Understanding tropical deforestation, one pixel at a time

Jan Pisl

École polytechnique fédérale de Lausanne

Designing effective policy responses to tropical deforestation requires an understanding of the reasons behind it, commonly called deforestation drivers. In the tropics, over 90% of deforestation is driven by agriculture [1], but the specific commodities differ substantially across regions. For example, palm oil has been the most prominent deforestation driver in Indonesia, while it is pasture in Brazil and small scale, shifting agriculture in Central Africa [1,2]. Drivers also change in time because of new policies, economic shifts or changes in agricultural practices. Therefore, to enable targeted measures, it is necessary to attribute each new deforestation event to a specific driver.

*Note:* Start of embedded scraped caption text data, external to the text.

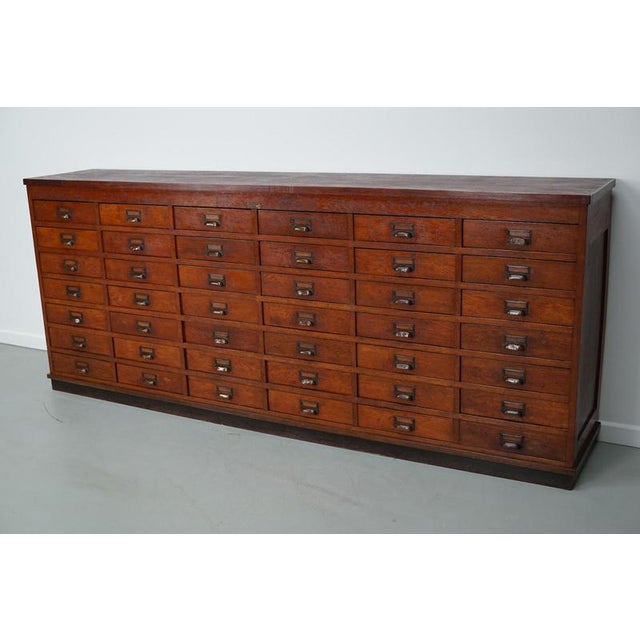 This apothecary / shop cabinet was produced during the 1930s in the Netherlands. It features 42 drawers with brass...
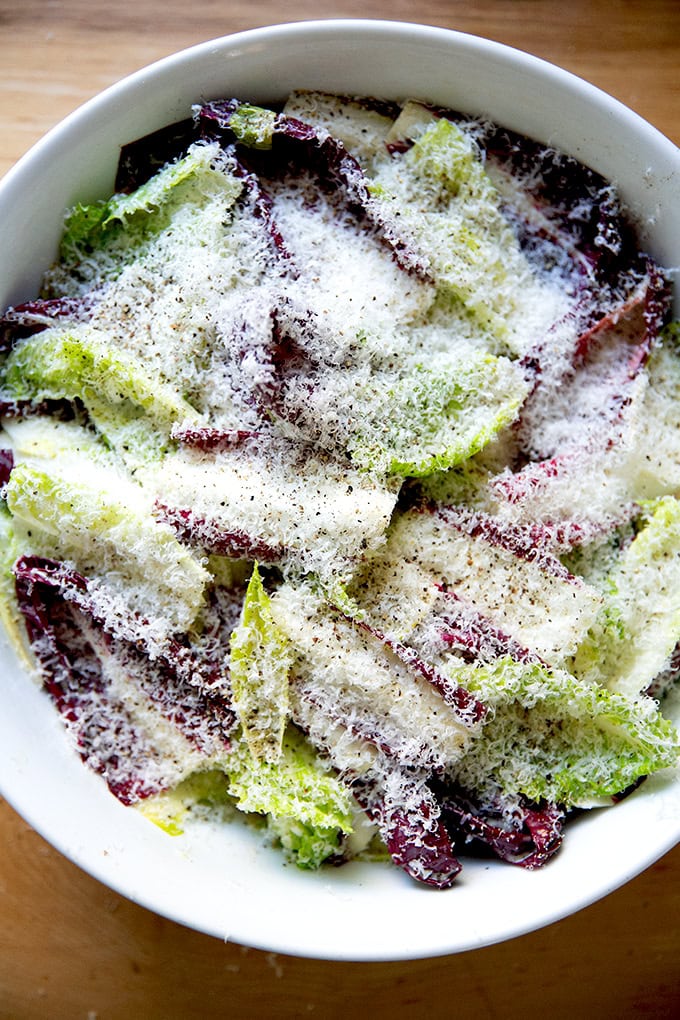 A bowl of Caesar salad covered with finely grated parmesan.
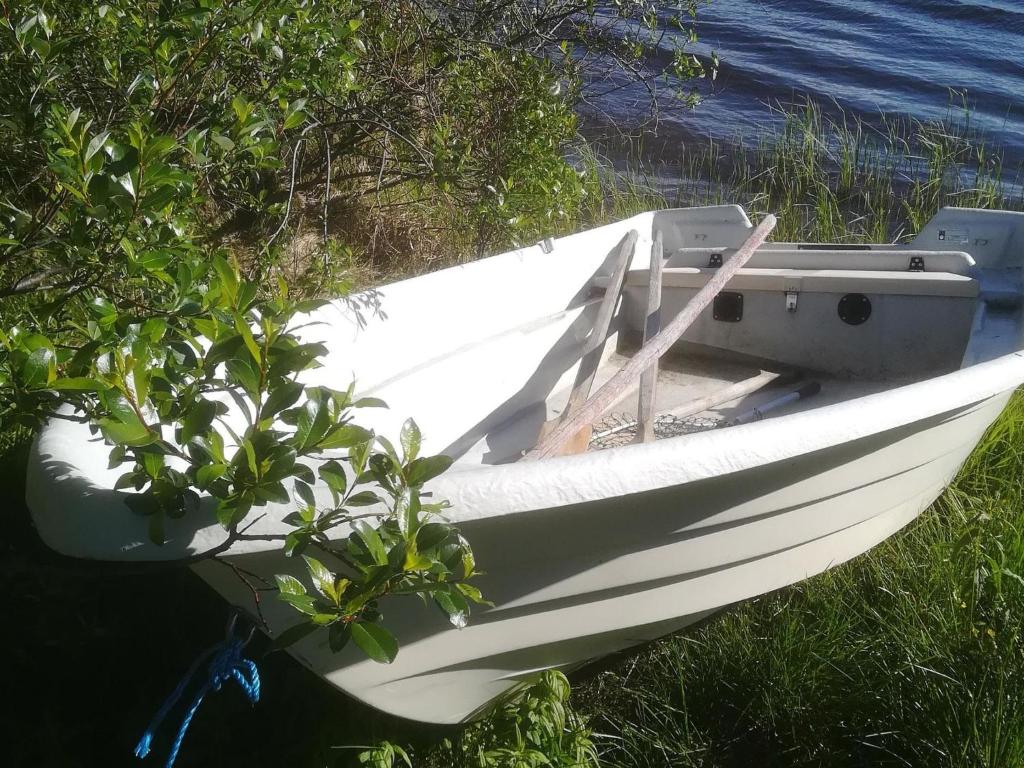 a white boat sitting on the grass next to the water at Holiday Home Pikkupöllö in Kaaresuvanto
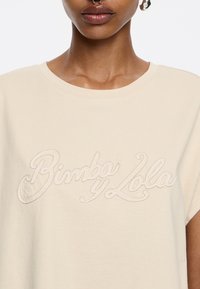 Bežinis medvilnės marškinėliai su laisvu siluetu. Priekyje yra išsiuvinėtas logotipas "Bimba y Lola" kontrastinga siūle.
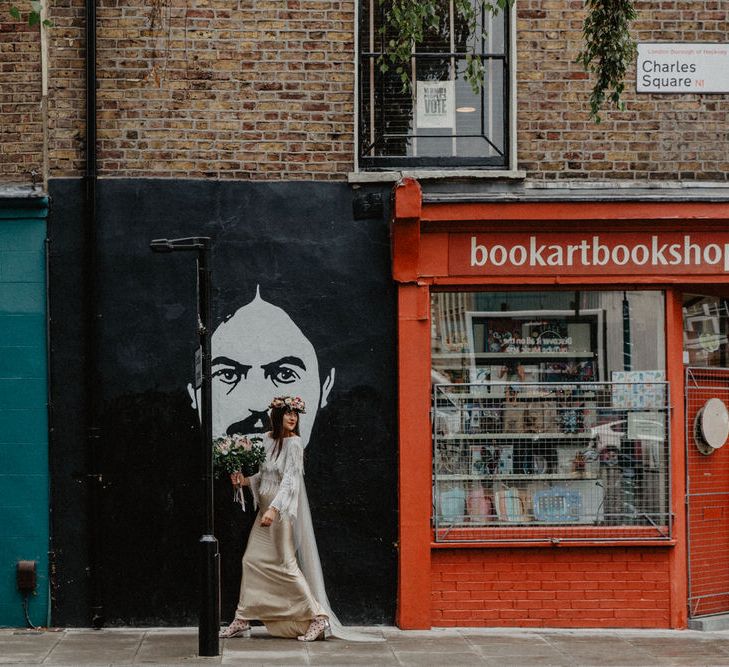 Bride walking down street holding protea bouquet and passing portrait on wall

In a recent study published in ISPRS Journal of Photogrammetry and Remote Sensing, Pišl et al. [3] propose a new approach to map deforestation drivers across the tropics. They train a deep learning model to recognize eleven land use classes, including the seven forest-risk commodities: cattle, oil palm, soy, rubber, cocoa, coffee, and timber. The model uses time series of satellite images as primary input, complemented by two additional data modalities: geographic coordinates and national statistics on the production of forest-risk commodities. Deforestation drivers are strongly clustered in space, and therefore providing the model a notion of location and regional trends can improve its performance in cases where satellite imagery alone is not enough.

 

 

Figure caption: The deep learning model architecture proposed in the study

When evaluated on a held-out dataset sampled across the tropics, the model achieves 87% accuracy across all classes, with the additional modalities bringing a 10% improvement. An analysis of the model’s behaviour shows that it uses the additional modalities to recognize classes strongly associated with spatial patterns, such as palm oil or rubber. To recognize drivers that can be found anywhere in the tropics, such as mining, the model mostly relies on the satellite imagery. The dataset used to train the model, compiled from free and public sources, is made available online [4].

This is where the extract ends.